How to complete this task: Please restate, word for word, the lines below that begin at the one with "Petah Tikva, Israel 5" and end at the one with "Seating area in Tempo Fair Suites". Leave out all other lines.

Stored data Block Start

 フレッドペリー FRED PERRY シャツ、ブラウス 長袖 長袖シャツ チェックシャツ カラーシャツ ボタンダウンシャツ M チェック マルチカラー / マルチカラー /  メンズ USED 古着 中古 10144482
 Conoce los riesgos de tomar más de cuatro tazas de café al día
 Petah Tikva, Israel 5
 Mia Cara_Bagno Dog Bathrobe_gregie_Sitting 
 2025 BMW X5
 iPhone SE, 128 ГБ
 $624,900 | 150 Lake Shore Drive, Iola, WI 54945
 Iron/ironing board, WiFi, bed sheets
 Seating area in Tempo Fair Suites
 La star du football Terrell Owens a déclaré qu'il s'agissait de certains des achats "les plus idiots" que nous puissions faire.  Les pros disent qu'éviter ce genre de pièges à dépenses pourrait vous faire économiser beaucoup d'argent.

Stored data Block End

Result of the exercise:
 Petah Tikva, Israel 5
 Mia Cara_Bagno Dog Bathrobe_gregie_Sitting 
 2025 BMW X5
 iPhone SE, 128 ГБ
 $624,900 | 150 Lake Shore Drive, Iola, WI 54945
 Iron/ironing board, WiFi, bed sheets
 Seating area in Tempo Fair Suites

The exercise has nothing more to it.